A palavra de todas as "vitimas" de Morro da Pedra foi firme e coerente: não foram abusadas.

A promotora não acredita nelas.

A palavra d'O Moleque que Mente® e da outra testemunha do orfanato, uma moça com deficiência mental (que aqui chamaremos de "Cisne"), são inconsistentes uma com outra, e brigam com os registros em papel do orfanato e outros fatos objetivos.

Mas a promotora acredita na palavra delas.

A promotora não está dando "relevância especial" à palavra da vítima. Está dando "relevância especial" a quem acusa, e só. E não há nada na jurisprudência que sustente esta atitude.

"Depoimento sem dano"

No caso Colina do Sol, quase todos os menores deram seus depoimentos através do projeto "Depoimento sem Dano" no Fórum Central de Porto Alegre. Neste sistema, as crianças falam numa sala separada, as perguntas passadas com ponto eletrônico para um psicólogo, chamado de "Técnico Facilitador".

AO sistema tem suas vantagens. O depoimento é gravado, o qual seria útil para futuros estudantes deste caso. E protege as crianças, como pode ser visto no interrogatório do único menor ouvido na sala de audiência em Taquara. Este foi tratado com cortesia pelos advogados dos acusados, mas reduzido aos prantos pela promotora Dra. Natália Calgiari, ao ponto que o avô do menino ameaçou retirar-lo da sala.
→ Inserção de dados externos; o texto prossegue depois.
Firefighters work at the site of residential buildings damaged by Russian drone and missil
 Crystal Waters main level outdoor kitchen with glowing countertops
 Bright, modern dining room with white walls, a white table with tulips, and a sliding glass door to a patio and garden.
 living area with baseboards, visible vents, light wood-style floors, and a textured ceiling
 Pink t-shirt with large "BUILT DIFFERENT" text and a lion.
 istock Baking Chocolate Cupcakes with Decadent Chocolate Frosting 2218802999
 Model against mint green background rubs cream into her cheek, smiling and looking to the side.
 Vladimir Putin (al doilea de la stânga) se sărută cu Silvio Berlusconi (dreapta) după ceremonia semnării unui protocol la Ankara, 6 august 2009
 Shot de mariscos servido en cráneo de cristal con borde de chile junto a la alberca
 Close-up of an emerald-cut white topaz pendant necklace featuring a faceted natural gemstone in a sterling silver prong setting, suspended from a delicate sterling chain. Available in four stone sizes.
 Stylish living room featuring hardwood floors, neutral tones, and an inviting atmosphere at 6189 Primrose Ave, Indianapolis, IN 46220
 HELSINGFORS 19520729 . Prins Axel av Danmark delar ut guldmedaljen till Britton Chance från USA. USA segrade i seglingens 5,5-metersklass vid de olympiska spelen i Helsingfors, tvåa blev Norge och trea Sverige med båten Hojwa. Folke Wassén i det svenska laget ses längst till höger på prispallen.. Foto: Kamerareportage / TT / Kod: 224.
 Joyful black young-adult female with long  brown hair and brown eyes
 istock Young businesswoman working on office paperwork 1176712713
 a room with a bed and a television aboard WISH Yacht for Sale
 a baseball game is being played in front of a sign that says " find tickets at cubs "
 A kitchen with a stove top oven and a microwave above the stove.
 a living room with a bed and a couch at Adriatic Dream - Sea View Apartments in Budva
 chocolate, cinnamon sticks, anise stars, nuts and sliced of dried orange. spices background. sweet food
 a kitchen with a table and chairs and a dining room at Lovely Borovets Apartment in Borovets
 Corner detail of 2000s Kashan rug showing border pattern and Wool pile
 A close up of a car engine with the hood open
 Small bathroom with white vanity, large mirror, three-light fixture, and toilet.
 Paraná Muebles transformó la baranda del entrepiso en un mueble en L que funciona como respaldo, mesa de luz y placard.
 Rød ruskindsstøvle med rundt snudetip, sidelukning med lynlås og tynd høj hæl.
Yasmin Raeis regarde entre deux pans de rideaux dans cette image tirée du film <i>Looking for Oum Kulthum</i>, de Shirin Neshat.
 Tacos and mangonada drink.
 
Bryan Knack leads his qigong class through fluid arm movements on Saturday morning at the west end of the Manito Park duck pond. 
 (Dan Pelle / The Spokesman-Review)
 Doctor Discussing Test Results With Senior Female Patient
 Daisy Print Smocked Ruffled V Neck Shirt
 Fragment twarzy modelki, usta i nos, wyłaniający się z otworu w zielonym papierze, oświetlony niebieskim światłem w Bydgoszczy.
O depoimento sem dano não protege de tudo, como foi o caso de um menor interrogado neste sistema. Seu depoimento talvez foi sem dano, mas Dra. Natália perguntou para seus parentes e vizinhos, na Sala de Juri do Fórum de Taquara, se não achavam o menor "gays".

Mas que sistema poderia proteger menores de uma promotora destas?

Apesar da isolação dos acusados na hora de depoimento, os menores precisavam entrar na sala de audiência para assinar o termo da audiência. Os de Morro da Pedra aproveitaram para dar abraços em Fritz e Barbara, os acusados.

Intermediários da verdade

A jornalista americana Dorothy Rabinowitz ganhou o prêmio Pulitzer com suas colunas, inclusive as juntadas no livro "No Crueler Tyrannies: Accusation, False Witness, and other terrors of our times", sobre casos específicos da onda de falsas acusações de "redes de pedofilia" nos Estados Unidos.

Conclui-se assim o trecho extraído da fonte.